**Activity**
Return the complete listing exactly as it reads, with each picture removed.

**Input data**

=== Section Start ===

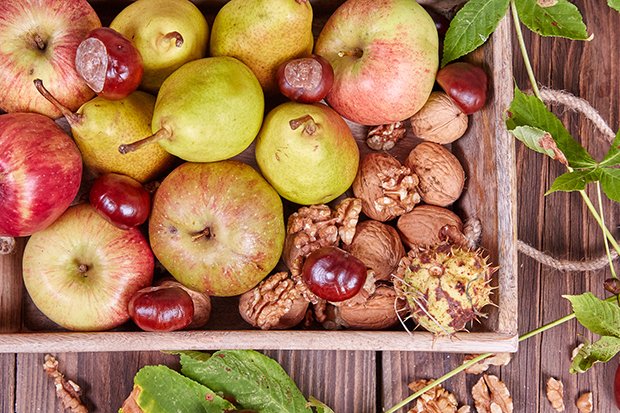 Äpfel, Birnen, Nüsse und Kastanien leiten den kulinarischen Herbst ein.
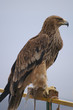 bird, an eagle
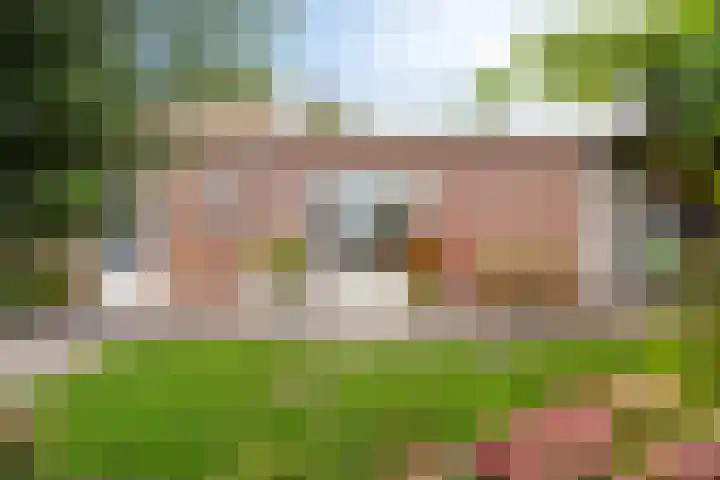 Waardweg 2 Middenmeer thumbnail 41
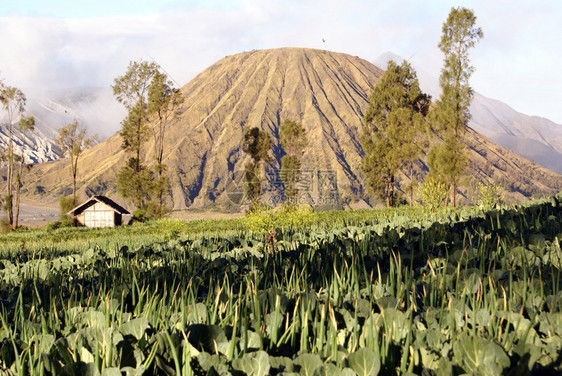 洋葱火山锥和田地印度尼西亚爪哇图片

=== Section End ===

**Problem solution**
 Äpfel, Birnen, Nüsse und Kastanien leiten den kulinarischen Herbst ein.
 bird, an eagle
 Waardweg 2 Middenmeer thumbnail 41
 洋葱火山锥和田地印度尼西亚爪哇图片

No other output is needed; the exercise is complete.